Infarct Volume Measurement
After anesthetizing the mice, their brains were promptly extracted and sectioned into 2-mm slices. These fresh slices were stained with 2% 2,3,5-triphenyltetrazolium chloride (TTC; Sigma-Aldrich, St. Louis, MO, USA) at 37°C for 15 minutes, followed by fixation in 4% formaldehyde at 4°C overnight. Post-TTC staining, red regions represented non-infarcted tissue, while white regions indicated infarcted areas. Red areas indicated viable tissue, and white areas represented infarcted regions.Blinded investigators manually outlined infarct areas, and quantitative analysis was performed using ImageJ 1.52a. Infarct volume percentage was calculated as:Cerebral infarct volume (%) = (Infarct volume / Contralateral hemisphere volume) × 100%.
Immunohistochemical Staining
We fixed mouse brain tissue samples with formaldehyde fixative, sliced the paraffin-embedded tissue into 4–6μm thin sections, and sequentially immersed the slides on the glass in xylene and a series of decreasing concentration alcohol solutions to remove paraffin and rehydrate the samples. The slides were incubated at 4°C overnight with the primary antibody solution and washed with PBS. The slides were incubated with the secondary antibody labeled with HRP for 2 hours, and the substrate solution was added. All IHC image acquisition and quantitative analyses (positive cell density and integrated optical density) were performed by blinded investigators using ImageJ 1.52a to avoid observer bias.
Measurement of MDA, LDH, and GSH Activities
After transcardial perfusion with ice-cold saline (4 °C), brains were carefully excised, and the tissues were homogenized in phosphate-buffered saline (PBS). The enzymatic activities of LDH, GSH, and MDA were subsequently quantified using commercially available assay kits (Nanjing Jiancheng Corp., China).
SH-SY5Y Cell Culture and Drug Treatment
SH-SY5Y cells were obtained from Wuhan Procell Biotechnology Co., Ltd. (Wuhan, China) and cultured in DMEM/F12 medium (Thermo Fisher Scientific, USA) supplemented with 10% fetal bovine serum (FBS; Invitrogen, Carlsbad, CA, USA) under standard conditions (37°C, 5% CO2). Cells were seeded into 24-well plates at a density of 1×105 cells/well. For pretreatment, cells were exposed to 100μM hydrogen peroxide (H2O2) for 12 hours, while control cells received an equivalent volume of physiological saline. Following pretreatment, the culture medium of the experimental groups was replaced with phosphate-buffered saline (PBS) containing R788 at concentrations of 0.25μM, 0.5μM, or 1μM for 24 hours. Afterward, we cultured cells for 12h and then collected them for analysis. To ensure the accuracy of the results, the in vitro experiment was repeated three times.
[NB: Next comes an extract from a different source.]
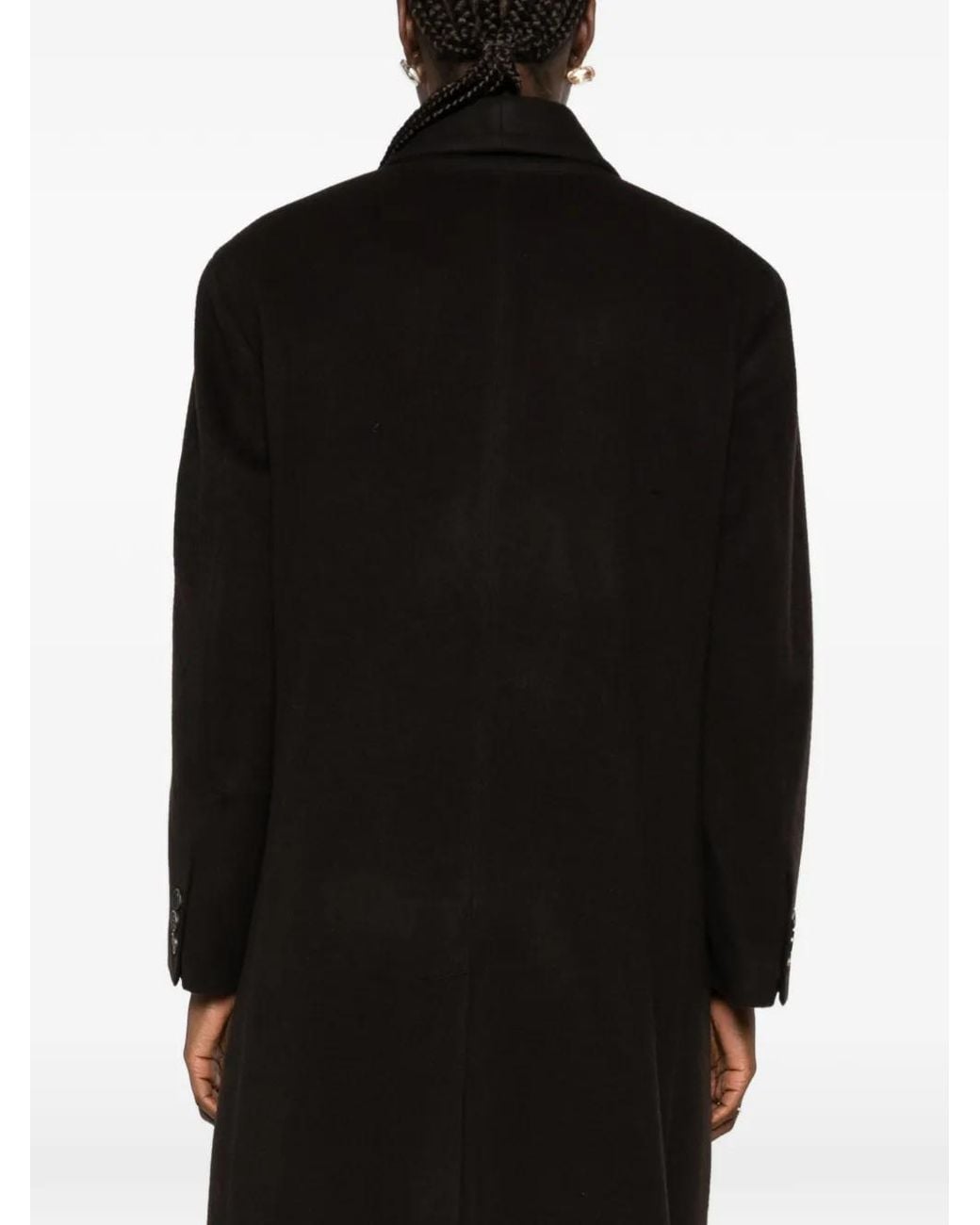 Low Classic Black Double-Breasted Shawl-Collar Coat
Measurement of Intracellular Fe2⁺ Levels
Intracellular Fe2⁺ was detected using FerroOrange (1µM, Dojindo, Japan). Cells were incubated with the respective probes at 37 °C for 30 min, washed with PBS, and fluorescence intensity was measured using a microplate reader.
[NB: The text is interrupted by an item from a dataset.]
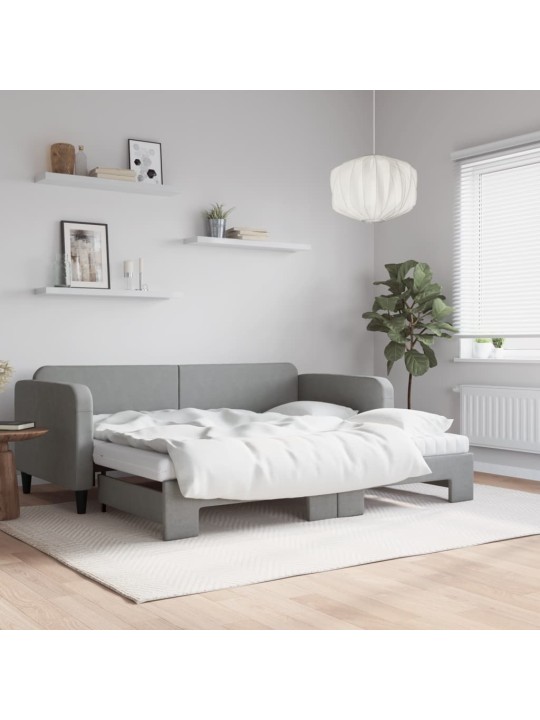 Válenda s přistýlkou a matracemi světle šedá 90 x 200 cm textil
Oxidative Stress and Lipid Peroxidation Assays
Intracellular ROS production was assessed using dihydroethidium (DHE, Sigma-Aldrich, USA). Cells were incubated with 5µM DHE in serum-free medium at 37 °C for 30 min in the dark, washed three times with PBS, and fluorescence signals were detected using a fluorescence microscope (Ex 518 nm/Em 605 nm). Mean fluorescence intensity (MFI) was quantified with ImageJ software.
Lipid peroxidation was evaluated using C11-BODIPY 581/591 (Thermo Fisher Scientific, USA). Cells were loaded with 2µM probe in serum-free medium at 37 °C for 30 min in the dark and washed twice with PBS. Images were acquired with a confocal microscope, and the fluorescence intensity was calculated using ImageJ. All assays were performed under light-protected conditions.
Real Time qPCR
Total RNA was extracted using TRIzol kit (15596–018, Beijing Solarbio Technology Co., Ltd., Beijing, China) according to the instructions, and then RNA concentration was determined by Nanodrop. First-strand complementary DNA (cDNA) was synthesized from total RNA using the SuperScript™ III First-Strand Synthesis System for RT-PCR (Thermo Fisher Scientific, USA). Relative gene expression levels were determined using the ΔCt method, with GAPDH employed as the internal reference gene. The detailed primers were presented in Table S1 Each experiment was repeated three times. The above steps are also applicable to animal experiments.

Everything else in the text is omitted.